Rebecca Lucy Taylor, aka Self Esteem, gives herself a full on sweaty work-out behind her drum kit in the video for her latest single, 'How Can I Help You'. "Spelling it out" on her Instagram page, Taylor said, "As you're watching my t**s in the video you're hearing 34 years of anger and frustration at the hands of you, men. The Same men making s***e jokes in my mentions, hassling me in dm's. I'll make my point however I f***ing want." She went on to explain that, "I've played the drums since I was 13. It was joyful and I was good at it but once I had t**s that joy turned to fear for what might be said to me/predatory looks whenever I played them. The video is primarily about reclaiming it, not being scared anymore."
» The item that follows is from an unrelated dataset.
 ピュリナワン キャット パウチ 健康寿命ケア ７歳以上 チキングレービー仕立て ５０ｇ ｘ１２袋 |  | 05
'The Best' singer follows up her previous two 2021 singles - 'I Do This All The Time' and 'Prioritise Pleasure', with an altogether different song to much of her previous back catalogue. Whilst 'Prioritise Pleasure' had elements of shredded scuzzy guitars interlaced with the harmonic vocals, 'How Can I Help You' flips Self Esteem's usual style on it's head with a percussive aural onslaught and confrontational disposition.
"I don't know s**t" Taylor repeatedly calls out in an enraged and impassioned performance that captures a raw and unflinching honesty. The video too, also directed by Rebecca Lucy Taylor, perfectly visualises the pent up emotion that continually explodes during the succinct but powerful performance of her newest song.
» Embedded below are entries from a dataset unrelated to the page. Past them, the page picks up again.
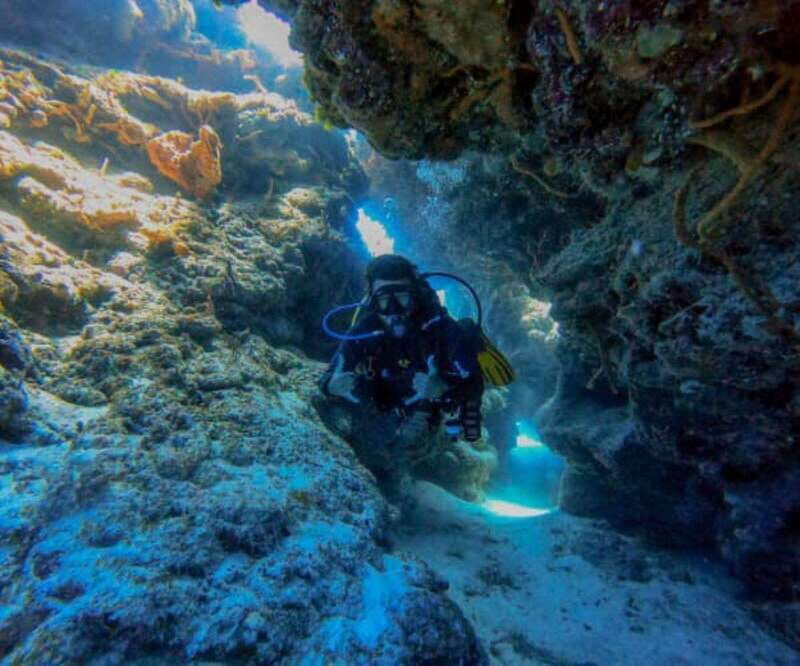 Cozumel: Two reef dives in Marine Park, certified divers - Key Points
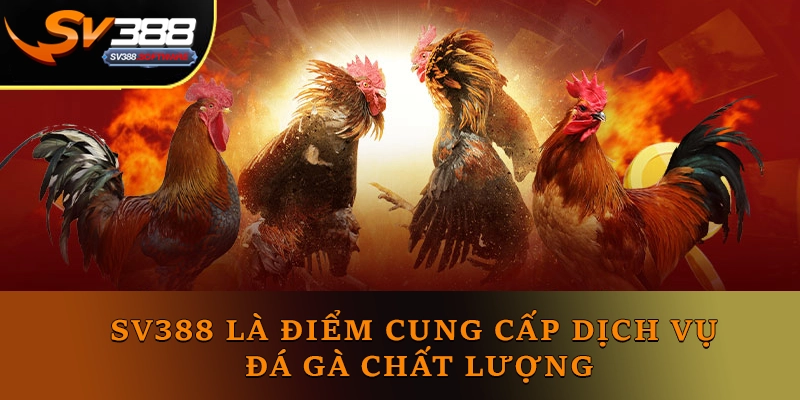SV388 là điểm cung cấp dịch vụ đá gà chất lượng SV388 là điểm cung cấp dịch vụ đá gà chất lượng
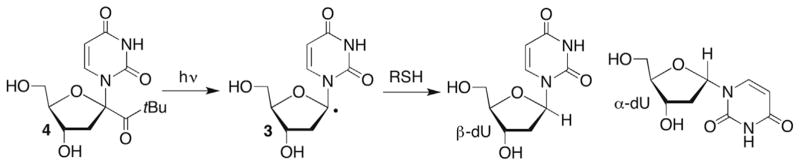 Scheme 4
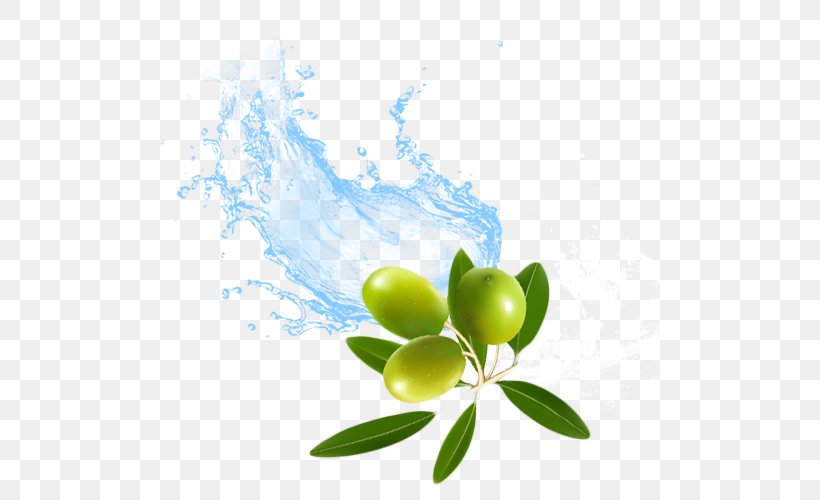 Water Olive Surfactant KK India Petroleum Specialities Private Limited, PNG, 500x500px, Water, Aquatic Plants, Branch, Fruit, Olive Download Free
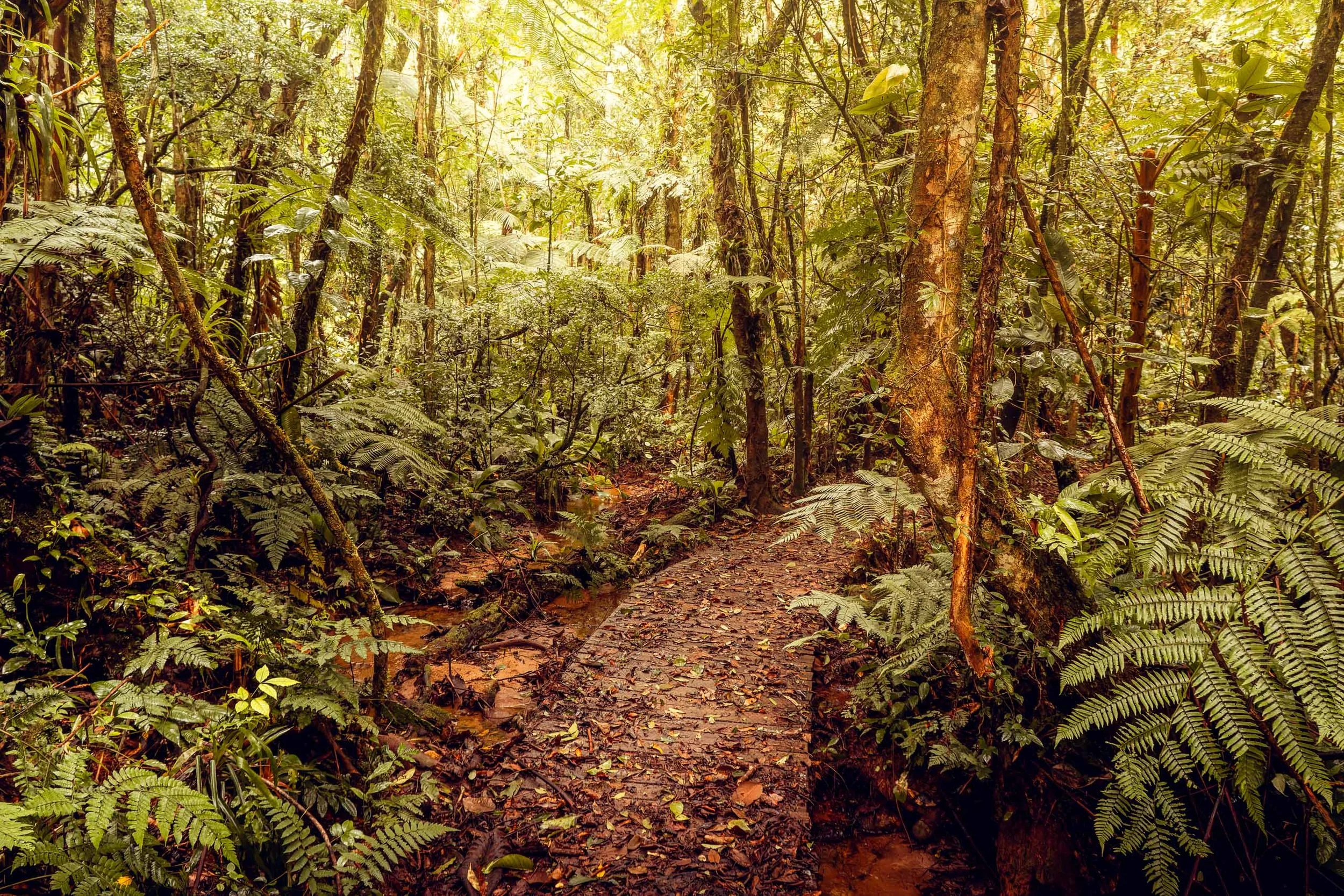 floresta-densa-caminho-terra-verde-vitalidade-fine-art-pedro-ferr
'How Can I Help' is the latest track to be released from Self Esteem's second album, also titled, 'Prioritise Pleasure'. The album is Taylor's follow up to her debut solo album, 'Compliments Please', and is set for release via Fiction Records on October 22nd. In a recent press statement Rebecca said that her new record was, "13 songs of cleansing myself of the guilt and fear of being a woman who is ‘too much’ and replacing that very notion with a celebration of myself, of you, of being a human and the way that isn’t always easy or perfect, and that’s ok" adding that "I think it’s maybe my finest hour!"
The former Slow Club singer is now well and truly established in her own right and her new, brutally honest and unapologetic, set of 13 songs will no doubt bring her to a much wider audience this year. Here's to "not being sacred anymore".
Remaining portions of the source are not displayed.